The primary limiting factor to crop production in greenhouses is low light intensity during the winter. Areas having frequent fog, inclement weather, or shadows cast by trees or tall mountains are poor for greenhouse crops in general.

Water Availability and Quality

One of the most frequently overlooked requirements in the establishment of a greenhouse is the quantity and quality of the water. A sufficient quantity of high-quality water is extremely important to produce greenhouse crops. The need for frequent irrigation requires careful planning and management, to ensure that operations have sufficient water to maintain adequate supplies for crop production.

Topography

The topography of the site affects where a growing structure is built. (Topography refers to the shape of the land, e.g., hilly, steep, rocky, flat.) The surface of the ground of the greenhouse should be level. Placing a growing structure on a flat surface is efficient because it facilitates easy adjustments to various mechanical controls in the greenhouse, which is economical. The site should be well drained.

Windbreaks

Outside the greenhouse, a windbreak can reduce infiltration of cold air and convection of heat away from the greenhouse. Wind speed greatly affects infiltration rates; 15 mile-per-hour winds can double heat loss in a greenhouse. Well-designed windbreaks can reduce wind speeds by 50 percent, reducing heat losses by 5 to 10 percent compared to an open area. They can also reduce snow accumulation on roofs.

Room for Expansion

A parcel of land larger than the grower's immediate needs should be acquired. The ultimate size of the range should be predicted. Area should then be added to this predicted figure to accommodate service buildings, storage, access drives, and a parking lot. Additionally, extra space should be allotted to cover unforeseen needs. To meet the environmental codes of some municipalities, it is necessary to use holding ponds for water effluent from the range in order to reduce nutrient release into streams. Doubling the area covered by greenhouses would constitute a bare minimum land requirement.

Availability of Labor

Present and future labor needs should be assessed and should be in accord with the labor supply in the area. Procurement of a labor supply has been a perennial problem in the horticulture industry. While the solution has appeared to rest on locating close to an urban area, this brings on a problem of higher wages. The greenhouse owner must also determine if labor is available to perform both routine and harvest-time duties.

Infrastructures

Proximity to transport networks (e.g. roads, railway), access to communication systems (e.g. telephone, internet) and availability of energy (e.g. gas, electricity) must all be considered. Greenhouses also need convenient access to materials for growing plants (growing media, fertilizers, pesticides, etc.). Transportation requirements to the greenhouse site relate directly to the intended operation's size and marketing arrangements.

Market Accessibility

Locating near the market is very important for retail growers who rely on customers getting to the greenhouse. The market potential should be explored before building. The competition should be scouted out and surveys conducted (if possible) as to the greenhouse market demands of the local area.

Legal Considerations

Site selection involves various legal considerations. Permits, licenses, and zoning regulations govern where a greenhouse may be built and often even dictate what type of building materials may be used. Selecting an appropriate site also involves how the greenhouse operation affects its neighbors.
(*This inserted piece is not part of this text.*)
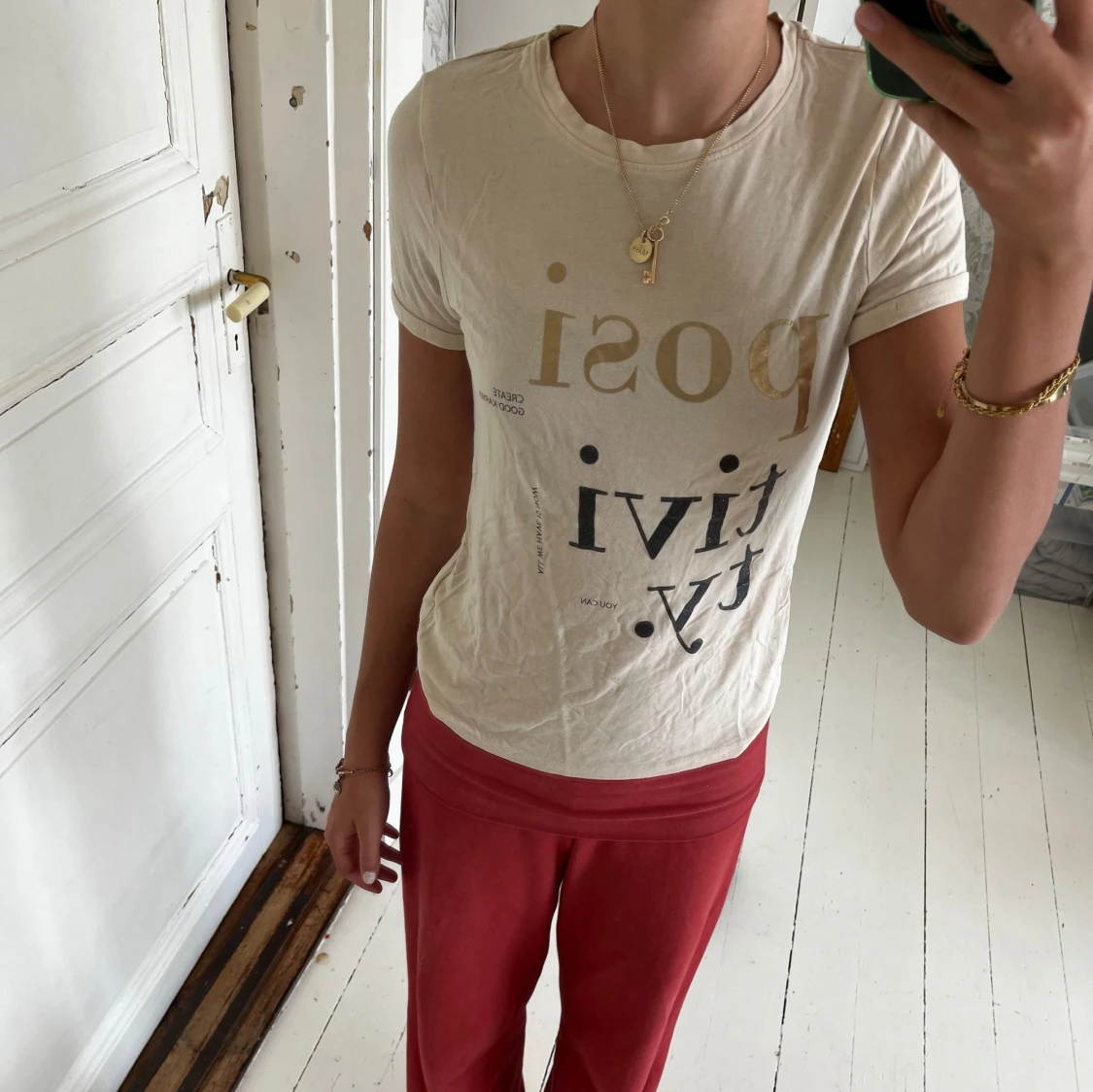 Beige t-shirt med tryck från Name It - 1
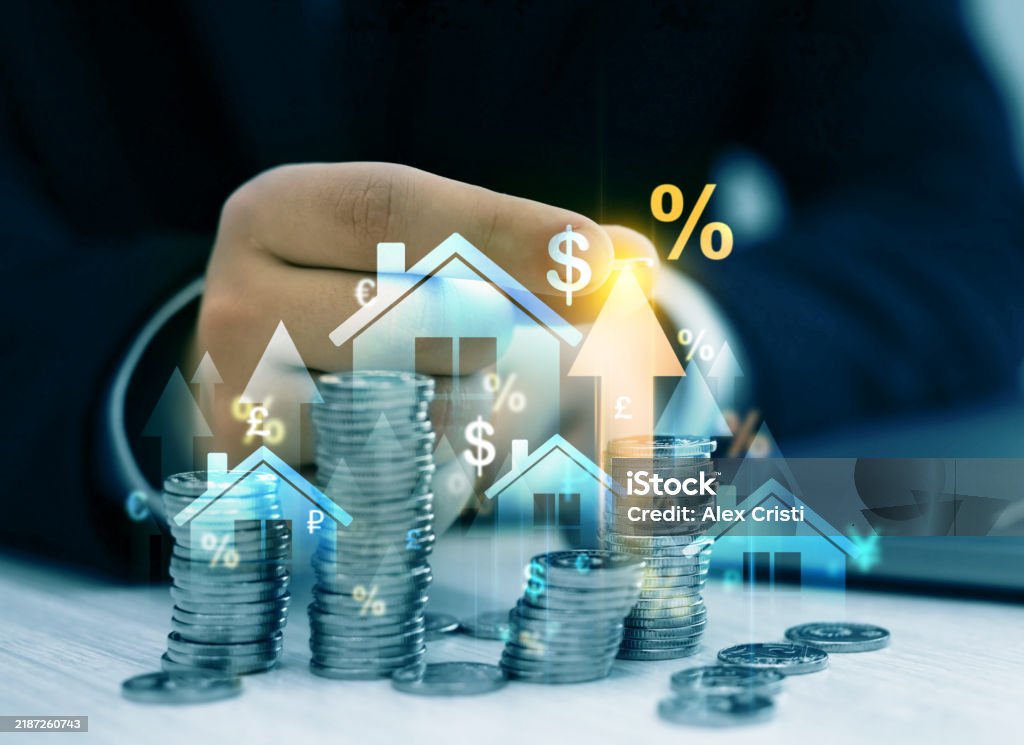 A imagem mostra uma mão em destaque, parcialmente fechada, atrás de várias pilhas de moedas empilhadas em diferentes alturas, sugerindo crescimento financeiro ou investimento. Sobre a foto há ícones gráficos transparentes, como casas, setas apontando para cima, cifrões, símbolos de moedas estrangeiras (€, £, $) e porcentagens (%). A composição transmite ideias relacionadas a finanças, investimentos, mercado imobiliário, crescimento de patrimônio e taxas de juros. A presença das casas sugere uma ligação com financiamento ou investimento imobiliário, enquanto as setas e símbolos percentuais remetem a valorização e rentabilidade.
If the proposed site is near a school, hospital, or residential community, the greenhouse must cooperate with the zoning rules of these entities. If water from the site drains into parks, farms, or ecological areas, the land may be subject to various state and federal regulations. Some states require the owner to obtain certification to purchase restricted-use pesticides. In addition, the greenhouse owner must also be aware of relevant mandates from the Occupational Safety and Health Administration that ensure employee safety.

Greenhouse Orientation

Quite possibly the largest design consideration when planning a winter or year-round greenhouse is determining the orientation and angle of glazing for the structure. In general, growers optimizing for winter growing should orient their free-standing greenhouse in an east-west orientation, meaning that the longer, glazed side of the greenhouse should face south, with the shorter ends facing east and west. This orientation allows low angle light from the winter sun to enter from the side where it will not be blocked by ribs of the frame. In the orientation of multi-bay greenhouses structural components come into play.

Angle of Incidence

The pitch of a roof means the degree of slant or the angle of divergence from the horizontal. The glass of the roof not only allows the light and heat rays to pass through it, but it alos acts to some extent as a mirror, thus reflecting a part of the rays. The amount lost by reflection is proportional to the angle of incidience. Thus, if the sun’s rays fall upon the roof at right angles, little or none is lost by relfection; but when they fall at a less angle, the amount reflected increases as the angle of incidence increases. The amount of sun’s enegy lost by reflection when the rays strike the roof at various angles is shown in Figure 1.1.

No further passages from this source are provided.